In the psalm as a whole, this salvation and its resulting gifts and celebrations for the nations is the final outcome of what began in great agony.  These are the ecstatic words of thanksgiving from one who began by crying out, “My God, my God, why have you forsaken me?” (verse 1) – the last articulate utterance from the cross in Mark’s Passion narrative (Mark 15:34). 

Romans 4:13-25.  

The Epistle reading is one of the more famous passages in Paul’s letters.  It too is about the Abraham covenant and its heirs.  Inheriting the promise to Abraham through faith is contrasted with inheriting it through law. 

The decisive issue is whether people from the nations (“Gentiles”) who become believers in Jesus have to observe Judean law to be fully accepted in Christ’s salvation. 

Paul is treading a narrow plank.  He must (1) allow full observance of the law as proper to native Judean believers, like himself, but somehow (2) assure that non-Judean believers are not assigned to a second-class citizenship among the saved. 

To pull off this ecumenical act, he takes the position that all believers are heirs of Abraham, that their faith makes them descendants of the one whose faith “was reckoned to him as righteousness” (verse 22, NRSV).  This justification granted to Abraham was “not for his sake alone, but for ours also” (verse 23).  Those imitating Abraham’s faith are also heirs of his covenant. 

In this passage, Paul emphasizes that Abraham’s great act of faith was to believe that he could have a son by Sarah after they were nearly a hundred years old.  To believe this, and to plan his life on it (always the acid test of faith), was Abraham’s faith. 

This was already a resurrection faith, Paul argues (verse 24), and those basing their lives on Jesus’ resurrection and lordship are imitators of Abraham’s faith!  

Mark 8:31-38.  

The Gospel reading takes up Mark’s story of Jesus at its greatest turning point.  Peter has just declared Jesus’ identity as the Anointed One, the Messiah (8:27-30).  Peter is the first ordinary human to recognize what angels and demons have known all along, and Jesus warns the disciples sternly not to tell anyone else. 

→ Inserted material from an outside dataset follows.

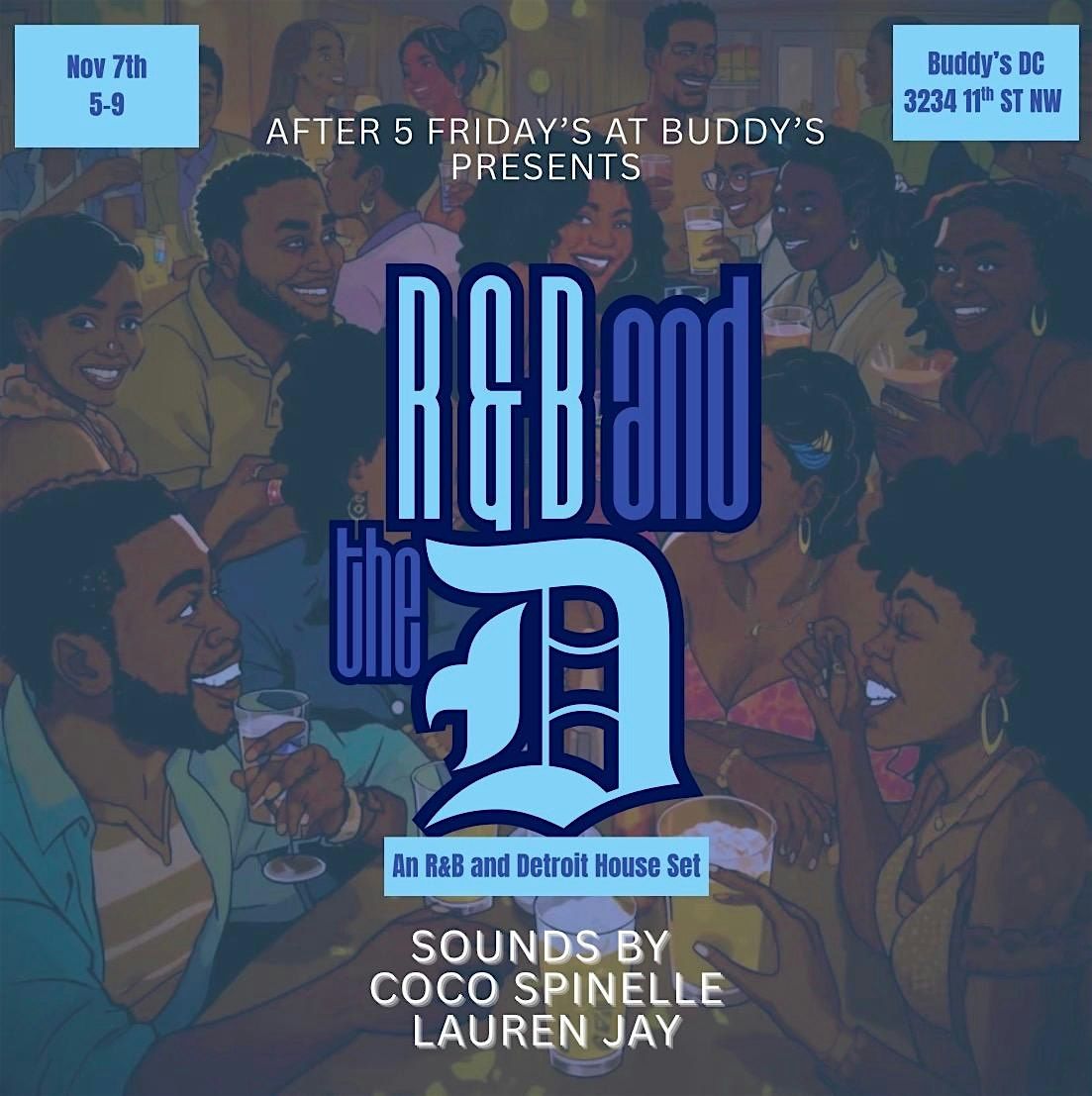 After 5 Fridays: R&B and The D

But immediately following this confession, Jesus began to teach the disciples, “The Human One [Son of Man] must suffer many things and be rejected by the elders, chief priests, and legal experts, and be killed, and then, after three days, rise from the dead” (verse 31, CEB [Common English Bible]).  This is the first introduction of the Passion, and it hangs in the background of all the action that follows. 

The rest of the story is told as if the disciples do not hear what is said, particularly the part about rising from the dead. 

Peter hears the part about suffering and argues for a different course, which requires Jesus, with an eye on the other disciples, to put him down very firmly (“Get behind me, Satan!” verses 32-33).  The true costs of what it will take for the Reign of God to begin among the chosen people have begun to be revealed. 

And the costs of bringing in God’s Reign are not Jesus’ only; they are also those of his true followers.  Those who want to follow him must bring along their crosses (verse 34).  Those who want to save their lives—and who is not included in this?—will lose them. 

That is a devastating barrier to entry!  Those who will follow Jesus must give up their lives—or shall we temper it some and say, be prepared to lose their lives?  The words here pronounced by Jesus anticipate later times when followers will be required to deny Jesus’ name or be put to shame (which means flogged, imprisoned, or executed, Mark 13:9-13). 

Still, as for the speaker in Psalm 22, beyond the affliction there is hope for those who trust wholly in God, those who have Abraham’s kind of faith.  Those who endure through this “adulterous and sinful generation” (verse 38, NRSV) will be justified by their faith.  They will not be put to shame when the Human One returns to welcome the faithful heirs of Abraham’s covenant.  

The Passion is part of the divine drama in which the exclusions of old covenants are cancelled.  The new divine action includes those who have Abraham’s faith, not only his circumcision.  The costs of this new inclusiveness begin with a cross—and they continue with many giving their lives for the sake of the one who died there.